_SUPPLIED DATA:_
*** Begin section ***
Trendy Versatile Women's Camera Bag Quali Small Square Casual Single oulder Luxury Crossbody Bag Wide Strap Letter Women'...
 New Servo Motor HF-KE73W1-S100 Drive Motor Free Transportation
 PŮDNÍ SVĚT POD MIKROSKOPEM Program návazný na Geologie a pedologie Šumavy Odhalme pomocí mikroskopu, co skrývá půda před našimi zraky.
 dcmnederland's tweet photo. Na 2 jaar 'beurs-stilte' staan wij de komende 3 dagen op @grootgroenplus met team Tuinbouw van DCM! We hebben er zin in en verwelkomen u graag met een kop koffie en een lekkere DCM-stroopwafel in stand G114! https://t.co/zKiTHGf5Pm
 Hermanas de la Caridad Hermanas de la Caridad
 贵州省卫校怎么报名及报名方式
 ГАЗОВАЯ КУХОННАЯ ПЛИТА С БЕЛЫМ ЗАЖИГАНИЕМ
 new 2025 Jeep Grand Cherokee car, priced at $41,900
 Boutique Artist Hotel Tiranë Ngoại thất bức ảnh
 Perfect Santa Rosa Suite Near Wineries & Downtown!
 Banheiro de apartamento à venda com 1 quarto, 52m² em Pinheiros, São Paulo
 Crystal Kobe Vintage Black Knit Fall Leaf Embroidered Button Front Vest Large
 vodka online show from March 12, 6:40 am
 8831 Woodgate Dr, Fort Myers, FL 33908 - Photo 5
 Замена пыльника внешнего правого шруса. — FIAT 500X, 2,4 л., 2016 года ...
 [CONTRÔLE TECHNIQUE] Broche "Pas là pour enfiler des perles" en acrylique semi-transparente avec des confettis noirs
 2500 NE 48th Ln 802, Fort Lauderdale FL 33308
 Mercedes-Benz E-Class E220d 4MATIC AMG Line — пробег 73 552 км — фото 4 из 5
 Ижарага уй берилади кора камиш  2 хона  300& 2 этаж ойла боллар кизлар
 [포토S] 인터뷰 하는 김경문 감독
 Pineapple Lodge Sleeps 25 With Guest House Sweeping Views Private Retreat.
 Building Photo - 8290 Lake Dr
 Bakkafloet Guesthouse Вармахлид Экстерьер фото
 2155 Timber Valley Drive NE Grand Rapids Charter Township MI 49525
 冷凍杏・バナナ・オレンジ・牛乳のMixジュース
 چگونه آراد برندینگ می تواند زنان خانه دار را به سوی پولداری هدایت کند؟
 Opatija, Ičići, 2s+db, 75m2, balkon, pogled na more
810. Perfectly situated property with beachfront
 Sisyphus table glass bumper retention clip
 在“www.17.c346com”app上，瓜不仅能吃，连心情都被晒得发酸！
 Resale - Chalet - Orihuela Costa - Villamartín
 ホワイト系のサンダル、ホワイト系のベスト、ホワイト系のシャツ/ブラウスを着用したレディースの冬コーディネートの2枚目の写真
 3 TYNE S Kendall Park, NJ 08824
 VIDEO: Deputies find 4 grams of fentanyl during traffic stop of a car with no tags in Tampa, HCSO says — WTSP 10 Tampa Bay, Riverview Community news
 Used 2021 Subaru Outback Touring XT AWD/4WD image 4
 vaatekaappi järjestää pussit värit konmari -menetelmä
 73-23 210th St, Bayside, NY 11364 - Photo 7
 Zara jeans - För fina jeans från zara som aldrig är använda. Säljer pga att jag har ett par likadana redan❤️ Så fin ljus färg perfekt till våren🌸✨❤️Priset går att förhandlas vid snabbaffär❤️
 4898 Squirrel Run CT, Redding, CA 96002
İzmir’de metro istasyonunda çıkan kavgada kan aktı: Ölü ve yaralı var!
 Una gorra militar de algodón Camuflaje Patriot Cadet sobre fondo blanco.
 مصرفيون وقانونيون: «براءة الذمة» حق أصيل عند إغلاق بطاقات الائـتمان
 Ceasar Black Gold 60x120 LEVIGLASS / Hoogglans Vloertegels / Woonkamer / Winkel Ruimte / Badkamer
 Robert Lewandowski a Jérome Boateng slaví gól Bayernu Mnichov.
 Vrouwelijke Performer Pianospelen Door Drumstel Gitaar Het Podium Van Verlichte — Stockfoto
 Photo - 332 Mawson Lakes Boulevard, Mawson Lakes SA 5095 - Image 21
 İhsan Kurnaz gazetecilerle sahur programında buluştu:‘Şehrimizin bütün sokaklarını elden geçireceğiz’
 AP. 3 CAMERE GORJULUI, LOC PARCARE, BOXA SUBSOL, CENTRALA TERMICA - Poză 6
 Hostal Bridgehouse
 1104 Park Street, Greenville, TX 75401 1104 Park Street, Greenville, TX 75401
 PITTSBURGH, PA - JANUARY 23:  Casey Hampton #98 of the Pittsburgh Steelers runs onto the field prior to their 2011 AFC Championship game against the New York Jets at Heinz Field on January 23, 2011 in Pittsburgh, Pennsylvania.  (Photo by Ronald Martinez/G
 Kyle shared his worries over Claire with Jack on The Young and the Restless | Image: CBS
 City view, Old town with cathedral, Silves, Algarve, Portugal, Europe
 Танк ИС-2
*** End section ***
_ACTIVITY:_ In the listing above, locate the line with "Robert Lewandowski a" and the line with "PITTSBURGH, PA - JANUARY", then extract exactly those lines and every line between them, and nothing more.

_FINISHED EXERCISE:_
 Robert Lewandowski a Jérome Boateng slaví gól Bayernu Mnichov.
 Vrouwelijke Performer Pianospelen Door Drumstel Gitaar Het Podium Van Verlichte — Stockfoto
 Photo - 332 Mawson Lakes Boulevard, Mawson Lakes SA 5095 - Image 21
 İhsan Kurnaz gazetecilerle sahur programında buluştu:‘Şehrimizin bütün sokaklarını elden geçireceğiz’
 AP. 3 CAMERE GORJULUI, LOC PARCARE, BOXA SUBSOL, CENTRALA TERMICA - Poză 6
 Hostal Bridgehouse
 1104 Park Street, Greenville, TX 75401 1104 Park Street, Greenville, TX 75401
 PITTSBURGH, PA - JANUARY 23:  Casey Hampton #98 of the Pittsburgh Steelers runs onto the field prior to their 2011 AFC Championship game against the New York Jets at Heinz Field on January 23, 2011 in Pittsburgh, Pennsylvania.  (Photo by Ronald Martinez/G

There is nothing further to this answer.